Stream (word, tag) pairs:

	 ('Mr.', 'NOUN')
<class 'tuple'>
	 ('Podger', 'NOUN')
<class 'tuple'>
	 ('had', 'VERB')
<class 'tuple'>
	 ('thanked', 'VERB')
<class 'tuple'>
	 ('him', 'PRON')
<class 'tuple'>
	 ('gravely', 'ADV')
<class 'tuple'>
	 (',', '.')
<class 'tuple'>


对于我们的基准标签器和我们将构建的 HMM 模型，我们需要根据训练语料库中的观察量频次估算标签和单词的频次。在下面的几个单元格中，你将完成计算多个计数集合的函数。  

## 第 2 步：构建最常见类别标签器
---

或许最简单的标签器（以及良好的标签器性能基准）是直接选择分配给每个单词频次最高的标签。这个“最常见类别”标签器会检查在序列中观察的每个单词，并为其分配在语料库中最常分配给该单词的标签。

### 实现：成对计数

请完成下面的函数，该函数会计算两个输入序列的联合频次。

In [8]:
from collections import Counter
def pair_counts(sequences_A, sequences_B):
    """Return a dictionary keyed to each unique value in the first sequence list
    that counts the number of occurrences of the corresponding value from the
    second sequences list.

    For example, if sequences_A is tags and sequences_B is the corresponding
    words, then if 1244 sequences contain the word "time" tagged as a NOUN, then
    you should return a dictionary such that pair_counts[NOUN][time] == 1244
    """
    # TODO: Finish this function!
    pair_c={}
    for index,value in enumerate(sequences_B):
        for index1,value1 in enumerate(sequences_B[index]):
            if sequences_A[index][index1] in pair_c:
                if sequences_B[index][index1] in pair_c[sequences_A[index][index1]]:
                    pair_c[sequences_A[index][index1]][sequences_B[index][index1]]+=1
                else:
                    pair_c[sequences_A[index][index1]][sequences_B[index][index1]]=1
            else:
                word_n = {}
                word_n[sequences_B[index][index1]]=1
                pair_c[sequences_A[index][index1]]=word_n

    return pair_c

    raise NotImplementedError


# Calculate C(t_i, w_i)
emission_counts = pair_counts(data.training_set.Y,data.training_set.X)
assert len(emission_counts) == 12, \
       "Uh oh. There should be 12 tags in your dictionary."
assert max(emission_counts["NOUN"], key=emission_counts["NOUN"].get) == 'time', \
       "Hmmm...'time' is expected to be the most common NOUN."
HTML('<div class="alert alert-block alert-success">Your emission counts look good!</div>')

### 实现：最常见类别标签器

使用 `pair_counts()` 函数和训练数据集找到训练数据中每个单词的最常见类别标签，并填充下面的 `mfc_table`。表格键应该是单词，值应该是相应的标签字符串 。
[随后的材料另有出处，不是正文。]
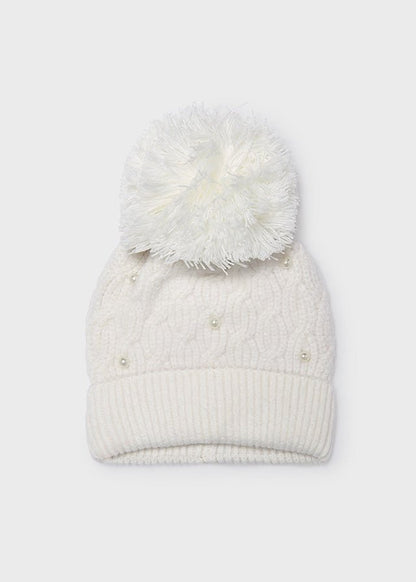 Cappello PonPon 10308 - Coccole e Ricami p.iva IT09642670583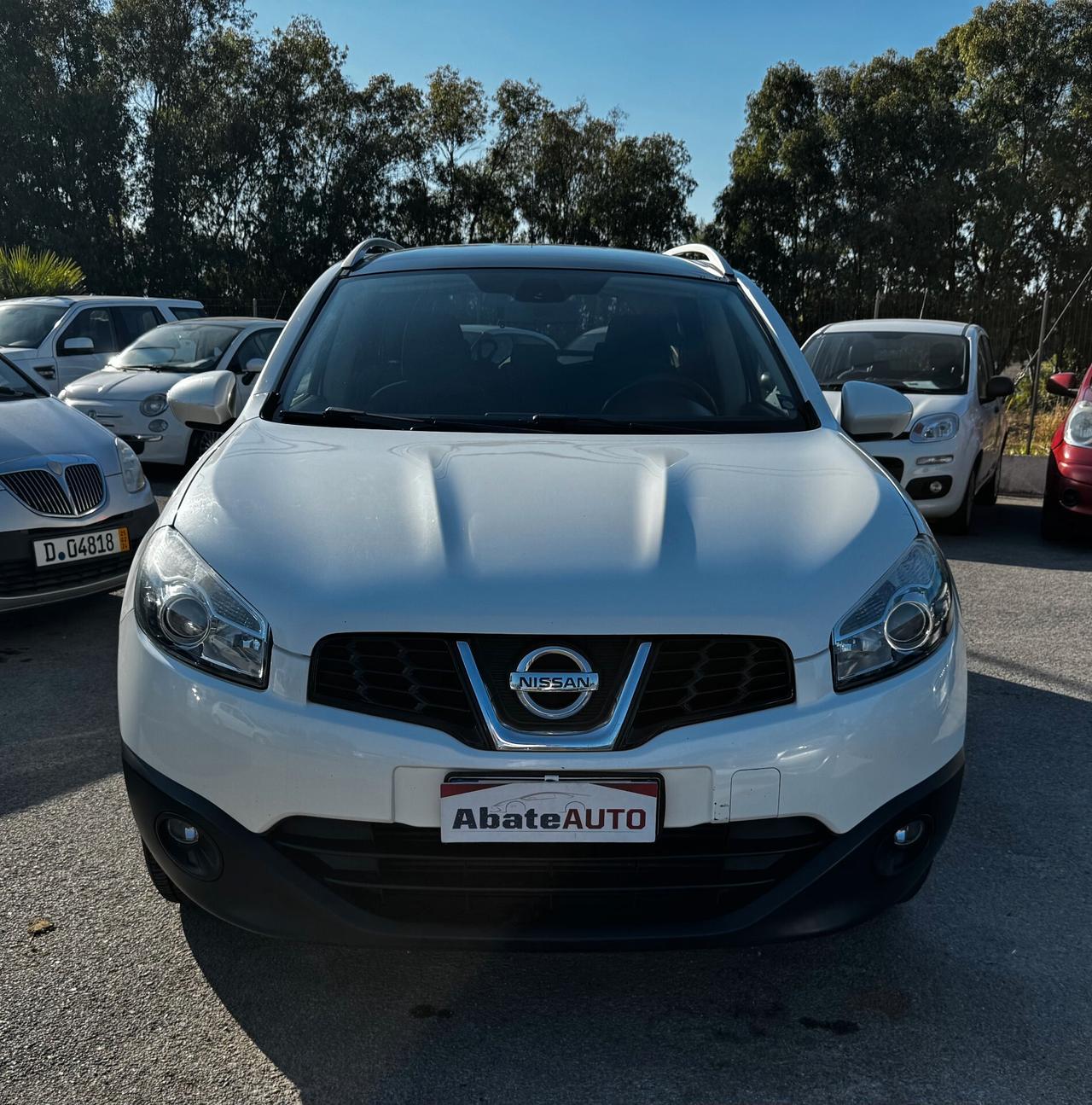 Nissan Qashqai Qashqai+2 1.5 dCi DPF Tekna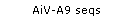 AiV-A9 seqs
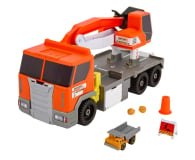 Mattel Matchbox Ciężarówka Koparka Duży pojazd z funkcją - 1157916 - zdjęcie 1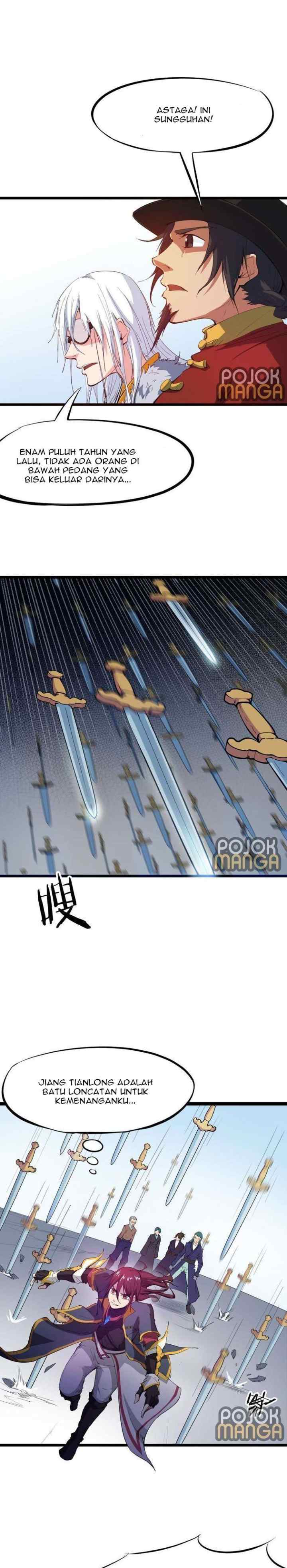 Dragon Pulse chapter 15 halaman 9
`MFCTagger` 类用来模仿 Pomegranite HMM 模型的接口，使它们可以交替地使用。

In [9]:
# Create a lookup table mfc_table where mfc_table[word] contains the tag label most frequently assigned to that word
from collections import namedtuple

FakeState = namedtuple("FakeState", "name")

class MFCTagger:
    # NOTE: You should not need to modify this class or any of its methods
    missing = FakeState(name="<MISSING>")
    
    def __init__(self, table):
        self.table = defaultdict(lambda: MFCTagger.missing)
        self.table.update({word: FakeState(name=tag) for word, tag in table.items()})
        
    def viterbi(self, seq):
        """This method simplifies predictions by matching the Pomegranate viterbi() interface"""
        return 0., list(enumerate(["<start>"] + [self.table[w] for w in seq] + ["<end>"]))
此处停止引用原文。